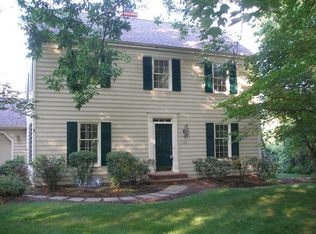108 Hedgerow Ln, West Chester, PA 19380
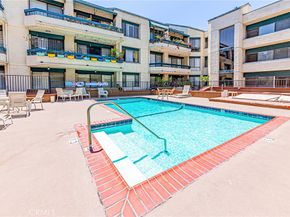 435 S La Fayette Park Place 219, Los Angeles CA 90057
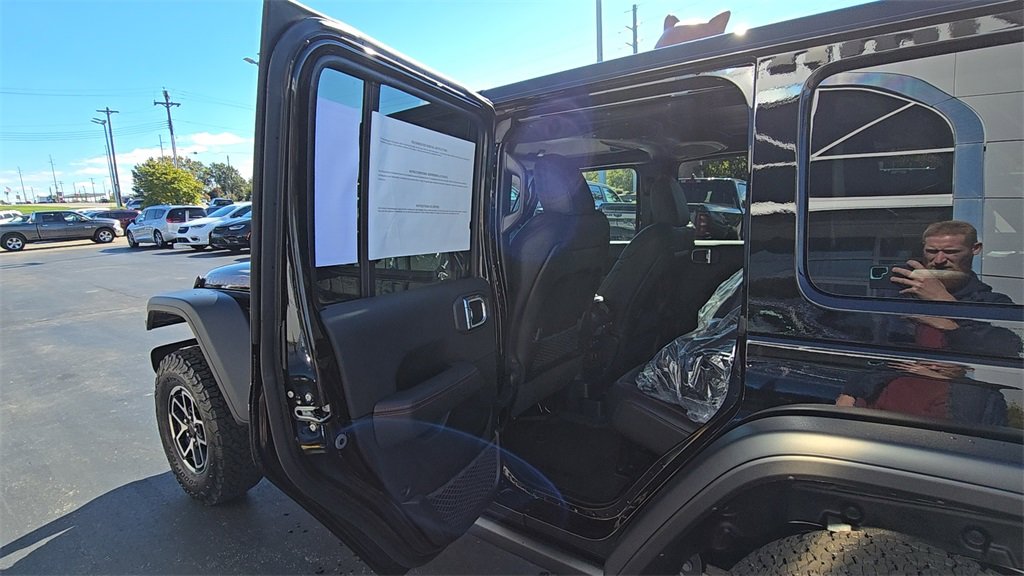 New 2026 Jeep Wrangler Unlimited Rubicon image 15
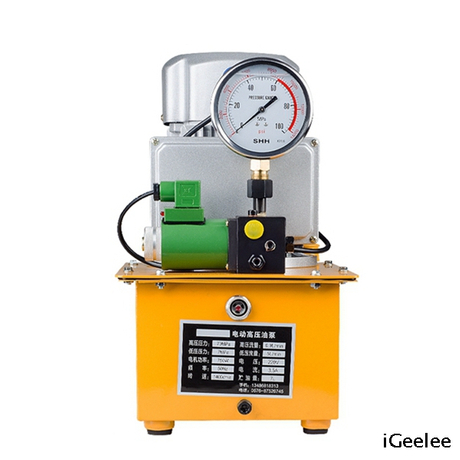iGeelee Portable Single Action Motor Oil Pump ZCB-700D can match any  hydraulic crimping head or cutting head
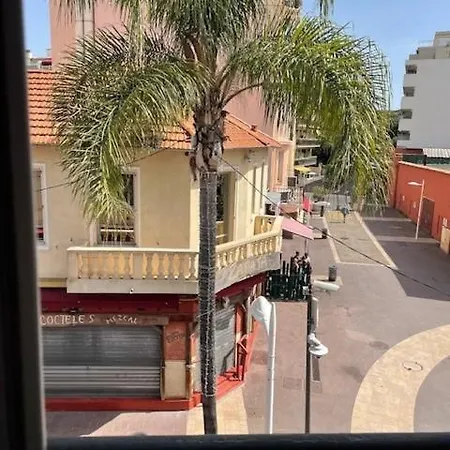 Otel De La Pinede 3*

§ How to complete this task
Copy word for word every line from the one holding "435 S La Fayette" to the end of the listing, both ends included, but do not copy any pictures.

§ Answer to this problem
 435 S La Fayette Park Place 219, Los Angeles CA 90057
 New 2026 Jeep Wrangler Unlimited Rubicon image 15
iGeelee Portable Single Action Motor Oil Pump ZCB-700D can match any  hydraulic crimping head or cutting head
 Otel De La Pinede 3*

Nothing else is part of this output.